Cevap: Bir hayır cemiyeti birtakım cici bici eşyaları satıyorlardı. Bunlara karşılık verilen paralarla yoksullara yardım edilecekti. Cemiyet başkanı olan kadın orada bulunan çok zengin, fakat cimriliği ile tanınmış bir hanıma kravat takdim etti:
– Lütfen siz de bunu alınız efendim!
Hanım, yüzünü ekşiterek reddetti:
– Verecek bir şeyim yok!
Cemiyet başkanı nezaketle gülümsedi:
– Olsun efendim, alınız! Biz yoksullara yardım ediyoruz.
C) Arkadaşlarınızdan birinin anlattığı fıkrayı sınıfınızda canlandırınız.
7. ETKİNLİK
Sahip olduğu şeylerden hiçbir zaman memnun olmayan, sürekli şikâyet eden bir arkadaşınız olsaydı onu bu huyundan vazgeçirebilmek için neler yapardınız? Örneklerle anlatınız.

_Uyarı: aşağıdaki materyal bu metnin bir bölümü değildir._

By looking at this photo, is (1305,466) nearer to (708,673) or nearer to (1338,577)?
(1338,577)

Cevap: Arkadaşımı bu huyundan vazgeçirmek için ona sahip olduklarımla mutlu olduğumu göstermeye çalışırdım. Mesela aldığım bir kitaptan bahseder, ona sahip olduğum için çok memnun olduğumu belli eden ifadeler kullanırdım. Şikayet ettiği konularda şükür ederek ona şikayetinin gereksiz olduğunu hissettirmek isterdim.
8. ETKİNLİK
A) Aşağıdaki metni noktalama işaretlerine dikkat ederek okuyunuz.

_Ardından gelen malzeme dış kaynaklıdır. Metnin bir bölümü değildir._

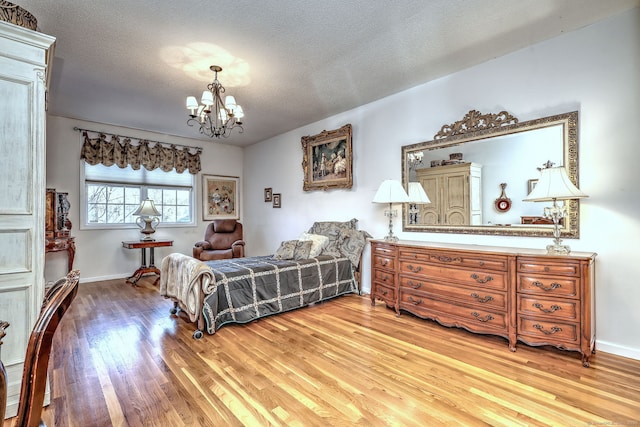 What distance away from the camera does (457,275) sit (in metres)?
2.75

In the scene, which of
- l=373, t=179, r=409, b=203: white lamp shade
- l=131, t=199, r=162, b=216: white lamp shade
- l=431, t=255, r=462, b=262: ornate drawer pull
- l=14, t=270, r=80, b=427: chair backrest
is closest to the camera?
l=14, t=270, r=80, b=427: chair backrest

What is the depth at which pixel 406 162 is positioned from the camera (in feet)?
12.1

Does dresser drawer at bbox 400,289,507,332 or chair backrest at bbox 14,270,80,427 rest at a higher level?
chair backrest at bbox 14,270,80,427

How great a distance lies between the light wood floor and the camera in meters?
1.67

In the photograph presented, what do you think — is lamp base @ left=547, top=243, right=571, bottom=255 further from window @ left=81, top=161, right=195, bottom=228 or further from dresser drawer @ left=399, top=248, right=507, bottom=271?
window @ left=81, top=161, right=195, bottom=228

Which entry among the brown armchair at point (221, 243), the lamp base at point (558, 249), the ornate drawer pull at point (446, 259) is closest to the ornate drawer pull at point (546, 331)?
the lamp base at point (558, 249)

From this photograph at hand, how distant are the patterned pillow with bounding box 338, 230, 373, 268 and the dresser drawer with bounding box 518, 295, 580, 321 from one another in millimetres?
1989

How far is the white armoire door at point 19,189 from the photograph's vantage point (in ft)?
5.74

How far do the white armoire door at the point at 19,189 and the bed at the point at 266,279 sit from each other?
1167 millimetres

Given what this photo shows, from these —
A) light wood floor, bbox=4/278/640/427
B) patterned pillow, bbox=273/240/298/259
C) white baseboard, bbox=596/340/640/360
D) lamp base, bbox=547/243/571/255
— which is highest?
lamp base, bbox=547/243/571/255

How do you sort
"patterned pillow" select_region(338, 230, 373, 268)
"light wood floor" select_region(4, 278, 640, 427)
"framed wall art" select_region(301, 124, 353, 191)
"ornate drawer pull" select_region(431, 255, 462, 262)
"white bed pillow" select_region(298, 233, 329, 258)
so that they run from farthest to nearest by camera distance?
"framed wall art" select_region(301, 124, 353, 191)
"patterned pillow" select_region(338, 230, 373, 268)
"white bed pillow" select_region(298, 233, 329, 258)
"ornate drawer pull" select_region(431, 255, 462, 262)
"light wood floor" select_region(4, 278, 640, 427)

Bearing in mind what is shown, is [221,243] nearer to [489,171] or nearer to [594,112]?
[489,171]

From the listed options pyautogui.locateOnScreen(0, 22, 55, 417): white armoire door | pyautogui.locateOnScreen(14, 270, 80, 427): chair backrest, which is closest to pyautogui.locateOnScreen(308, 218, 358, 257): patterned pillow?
pyautogui.locateOnScreen(0, 22, 55, 417): white armoire door

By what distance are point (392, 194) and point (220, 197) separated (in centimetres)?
414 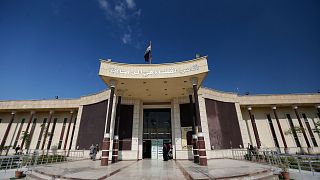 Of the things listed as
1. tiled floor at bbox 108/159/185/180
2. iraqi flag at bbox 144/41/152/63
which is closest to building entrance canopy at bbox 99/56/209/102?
iraqi flag at bbox 144/41/152/63

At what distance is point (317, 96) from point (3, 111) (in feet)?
155

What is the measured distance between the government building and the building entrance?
0.33ft

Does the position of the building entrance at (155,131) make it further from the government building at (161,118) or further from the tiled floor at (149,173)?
the tiled floor at (149,173)

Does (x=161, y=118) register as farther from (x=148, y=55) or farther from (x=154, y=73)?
(x=148, y=55)

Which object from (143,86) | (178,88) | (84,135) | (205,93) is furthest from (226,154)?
(84,135)

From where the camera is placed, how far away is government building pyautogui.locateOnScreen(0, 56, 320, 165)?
556 inches

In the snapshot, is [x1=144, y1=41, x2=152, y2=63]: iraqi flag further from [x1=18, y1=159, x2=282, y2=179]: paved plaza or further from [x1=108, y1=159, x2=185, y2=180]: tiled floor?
[x1=18, y1=159, x2=282, y2=179]: paved plaza

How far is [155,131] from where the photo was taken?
749 inches

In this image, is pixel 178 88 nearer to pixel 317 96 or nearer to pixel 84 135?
pixel 84 135

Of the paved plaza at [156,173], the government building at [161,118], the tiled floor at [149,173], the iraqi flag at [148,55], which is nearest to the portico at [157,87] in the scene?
the government building at [161,118]

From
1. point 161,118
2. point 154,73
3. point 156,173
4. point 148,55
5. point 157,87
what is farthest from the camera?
point 161,118

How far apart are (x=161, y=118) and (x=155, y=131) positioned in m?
1.63

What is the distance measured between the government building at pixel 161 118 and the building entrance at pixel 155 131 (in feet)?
0.33

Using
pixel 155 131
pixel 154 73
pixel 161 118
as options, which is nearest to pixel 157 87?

6. Sınıf Türkçe Ders Kitabı Meb Yayınları Sayfa 269 Cevabı
B) Okuduğunuz metni, metnin kahramanlarından biri olan Roza’nın ağzından özetleyiniz.
Cevap: Eşim Ali Reis ile birbirimizi çok severdik. Ali çok varlıklı biriydi. Karadeniz’in yeşilini çok severdi. Bu yüzden dağda ormanın içine bir saray yaptırdı. Bir gün denize çıkmak istedi ve takasıyla birlikte yol koyuldu. Ancak bir daha geri dönmedi. Yıllar boyunca sarayın penceresinde onun gelmesini bekledim. Bir gün daha fazla beklemek istemedim. Buradan çok uzaklara gitmeye karar verdim. Bu kadar malı ihtiyacı olanlara vermenin uygun olacağını düşündüm. Giderken ardımda malımın mülkümün paylaşılması konusunda bir mektup bıraktım.